Page 130 of The House of Wolves
“This time it will need to look like an accident,” Mason said. “But there are ways.”
“There are always ways,” Gallo said. He put his head back and closed his eyes. “You just have to be willing.”
“We should probably start talking about possible options right now,” Mason said. “It sounds as if Mr. Barr’s patience has run out.”
They went inside the house, and Gallo poured them both whiskeys. Then he took off his jacket and put on a sweater, and the two of them walked outside, across the back lawn toward the water, lit brilliantly tonight by the moon and stars on a rare cloudless night in San Francisco. Gallo once thought he might transform the city the way Michael Barr would when he got the Wolves.
“It was supposed to be simple once the father was out of the way,” Gallo said. “Then he gave the team to her.”
“No one could have seen that coming,” Mason said. “Certainly not you, sir.”
“She’s even more stubborn than her father was,” Gallo said, “as impossible as that is for me to believe.”
“Look what it got him,” Mason said. “His stubbornness, I mean.
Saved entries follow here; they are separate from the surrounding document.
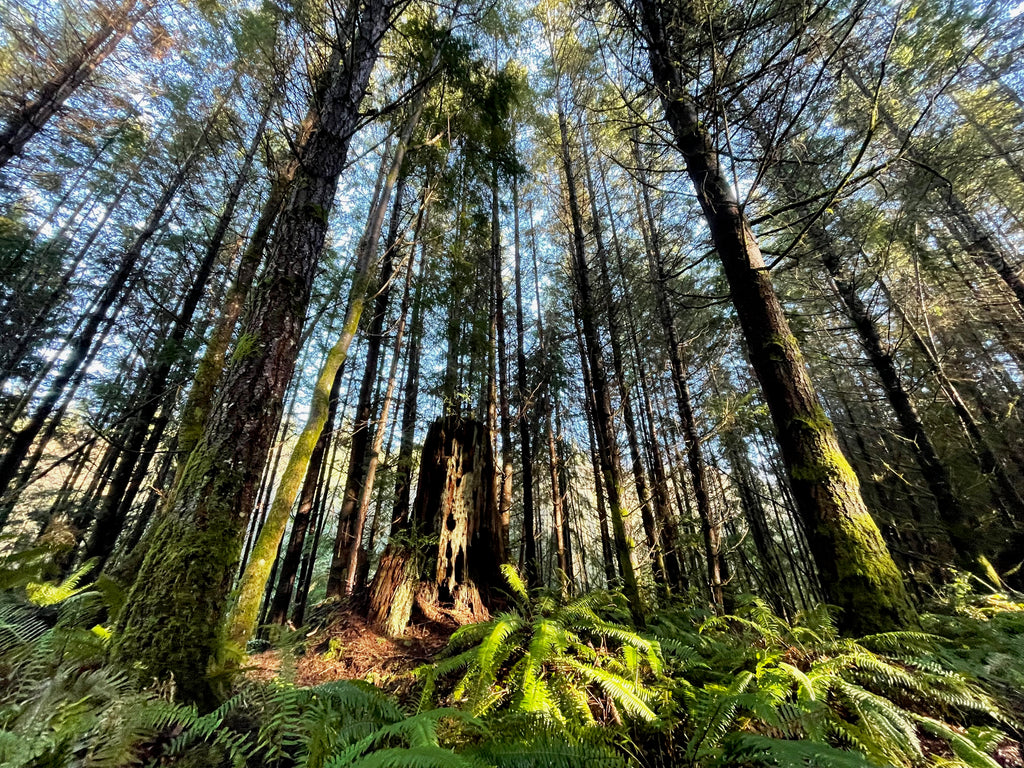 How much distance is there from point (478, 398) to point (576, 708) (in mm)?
7287

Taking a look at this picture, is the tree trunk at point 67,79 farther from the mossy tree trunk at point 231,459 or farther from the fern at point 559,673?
the fern at point 559,673

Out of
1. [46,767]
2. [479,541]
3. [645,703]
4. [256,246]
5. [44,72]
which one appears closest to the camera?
[46,767]

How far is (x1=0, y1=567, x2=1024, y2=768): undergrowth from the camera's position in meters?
1.35

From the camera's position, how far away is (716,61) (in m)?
3.04

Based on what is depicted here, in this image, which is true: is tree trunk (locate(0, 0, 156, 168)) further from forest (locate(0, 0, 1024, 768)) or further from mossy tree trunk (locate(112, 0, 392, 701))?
mossy tree trunk (locate(112, 0, 392, 701))

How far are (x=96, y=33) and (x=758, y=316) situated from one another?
1761cm

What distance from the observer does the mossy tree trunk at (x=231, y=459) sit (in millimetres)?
2057

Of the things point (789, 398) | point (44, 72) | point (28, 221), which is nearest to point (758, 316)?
point (789, 398)

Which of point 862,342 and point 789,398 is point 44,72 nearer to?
point 789,398

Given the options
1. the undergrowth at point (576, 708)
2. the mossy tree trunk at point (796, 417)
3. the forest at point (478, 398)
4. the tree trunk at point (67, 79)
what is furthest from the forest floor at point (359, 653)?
the tree trunk at point (67, 79)

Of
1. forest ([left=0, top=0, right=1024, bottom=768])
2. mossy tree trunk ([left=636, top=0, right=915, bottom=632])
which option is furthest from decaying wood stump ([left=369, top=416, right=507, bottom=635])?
mossy tree trunk ([left=636, top=0, right=915, bottom=632])

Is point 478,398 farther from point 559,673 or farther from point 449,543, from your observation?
point 559,673

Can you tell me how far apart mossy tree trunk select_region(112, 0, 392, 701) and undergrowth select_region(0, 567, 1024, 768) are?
0.19m

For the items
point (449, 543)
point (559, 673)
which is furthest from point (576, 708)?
point (449, 543) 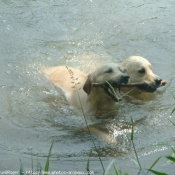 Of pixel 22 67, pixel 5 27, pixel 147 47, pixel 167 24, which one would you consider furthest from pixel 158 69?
pixel 5 27

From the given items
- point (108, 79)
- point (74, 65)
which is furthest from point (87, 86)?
point (74, 65)

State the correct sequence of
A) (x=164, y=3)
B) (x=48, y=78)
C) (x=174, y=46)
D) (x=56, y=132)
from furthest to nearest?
(x=164, y=3) < (x=174, y=46) < (x=48, y=78) < (x=56, y=132)

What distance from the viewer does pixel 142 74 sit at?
241 inches

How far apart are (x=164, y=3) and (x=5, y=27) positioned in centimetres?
339

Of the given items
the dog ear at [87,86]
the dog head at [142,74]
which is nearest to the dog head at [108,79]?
the dog ear at [87,86]

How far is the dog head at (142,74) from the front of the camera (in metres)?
6.05

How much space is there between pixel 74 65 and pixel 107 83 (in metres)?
2.17

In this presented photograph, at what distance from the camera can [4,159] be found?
462 centimetres

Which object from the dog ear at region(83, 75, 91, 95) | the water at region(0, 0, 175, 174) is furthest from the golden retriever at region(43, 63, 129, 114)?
the water at region(0, 0, 175, 174)

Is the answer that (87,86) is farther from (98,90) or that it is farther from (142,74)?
(142,74)

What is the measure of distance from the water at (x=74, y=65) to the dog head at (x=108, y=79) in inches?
16.1

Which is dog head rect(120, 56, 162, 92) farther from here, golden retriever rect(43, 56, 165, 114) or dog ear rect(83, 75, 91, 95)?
dog ear rect(83, 75, 91, 95)

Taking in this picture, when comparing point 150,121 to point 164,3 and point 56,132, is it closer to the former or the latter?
point 56,132

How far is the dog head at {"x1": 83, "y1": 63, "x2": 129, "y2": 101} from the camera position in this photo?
5578mm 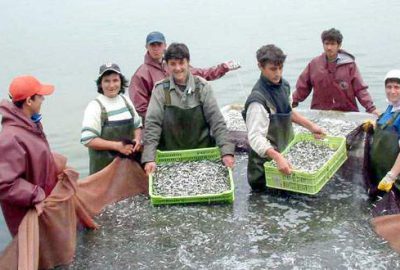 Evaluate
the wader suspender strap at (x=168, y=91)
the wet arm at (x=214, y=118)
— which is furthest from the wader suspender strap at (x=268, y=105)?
the wader suspender strap at (x=168, y=91)

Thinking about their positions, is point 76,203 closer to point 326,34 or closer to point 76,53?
point 326,34

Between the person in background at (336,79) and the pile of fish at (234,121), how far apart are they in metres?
1.01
And look what it got her younger brother when he wouldn’t stop pushing until he found out things that only you and Mr. Barr were supposed to know.”
“And you, Erik.”
“Of course, sir.”
“Another loose end,” Gallo said. “Thomas Wolf, I mean. But it’s not as if he gave anybody a choice.”
“He wasn’t just another loose end,” Erik Mason said. “More like a loose cannon.”
Gallo drank, staring out at the sky and the water. It had struck him again tonight how well he continued to fool most of the people he encountered, how they still feared him the way they always had. How they still thought he possessed the kind of power that Michael Barr had.
“We’ll do what we need to do,” Gallo said to Erik Mason.
“As always,” Mason said. “When the situation on the ground changes, adjustments have to be made.”
“Do you think the girl will be the last loose end?” Gallo said.
“One of them,” Mason said.
“You’ll handle it,” Gallo said.
“Of course.”
Gallo turned to Erik Mason, extending his glass, saying they should drink to that. But Mason was no longer standing next to him.
Mason was behind John Gallo now, his arms around him, effortlessly lifting him into the air before Gallo realized what was happening, carrying him the few steps to the edge of the bluff before letting him go.
Ninety-Seven
A WOMAN WALKING HERdog found John Gallo’s body trapped by the rocks below his property in the late morning, before the current could carry him away. By the middle of the afternoon, Ben Cantor was in my office at Wolves Stadium, wanting to know what John Gallo and I had talked about when he had been with me here the previous afternoon.
“How’d you know he was here?” I said.
“Knowing stuff is kind of a hobby with me,” Cantor said.
I told him as much of the conversation as I could recall and what I’d said to him before he left.
“And that’s it?” Cantor said.
“Yes, Detective. That’s it.”
It was the first time I’d seen him since I walked out of the restaurant that night, right before Cantor and I had been turned into San Francisco’s fun couple by the media.
“You’re not leaving anything out this time?”